"Total known Uranium ores of good quality are only sufficient to supply 3 years worth of total world energy needs, although it needs to be remembered that there is probably a lot of ore left to be discovered, and that electrical energy is only ever going to be a part of the overall energy mix."
-------------------------------------------------------------- Is there enough Uranium to run a nuclear industry big enough to take over from fossil fuels ?

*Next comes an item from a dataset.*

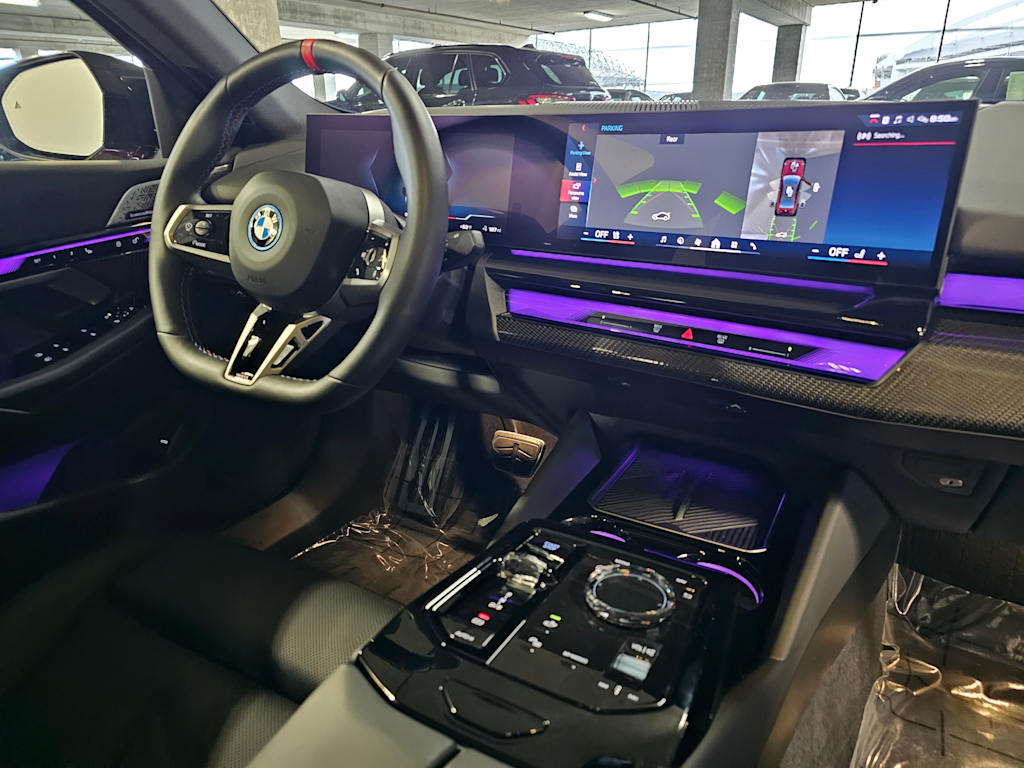 Thumbnail: 2025 BMW i5 - 15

As supplies of easily recovered oil start to decline, (see Peak Oil ) world oil production will fail to meet world energy demand. This raises the question of which alternative energy supplies can be expanded to cover the increasing shortfall. One candidate is nuclear energy, which in turn raises the question of whether there is enough Uranium resource to fully take over from Oil. Will we run into Peak Uranium before we have coped with Peak Oil ?
Mining production
Current world production of Uranium is around 36,000 tonnes of metal per year, but production is limited by market forces which have a complicated history resulting in large stockpiles, depressed prices and limited interest in mining. Total world consumption of Uranium is 66,000 tonnes of metal per year, with 30,000 tonnes coming from stockpiles, recycling of spent fuel and weapons decommisioning, see below.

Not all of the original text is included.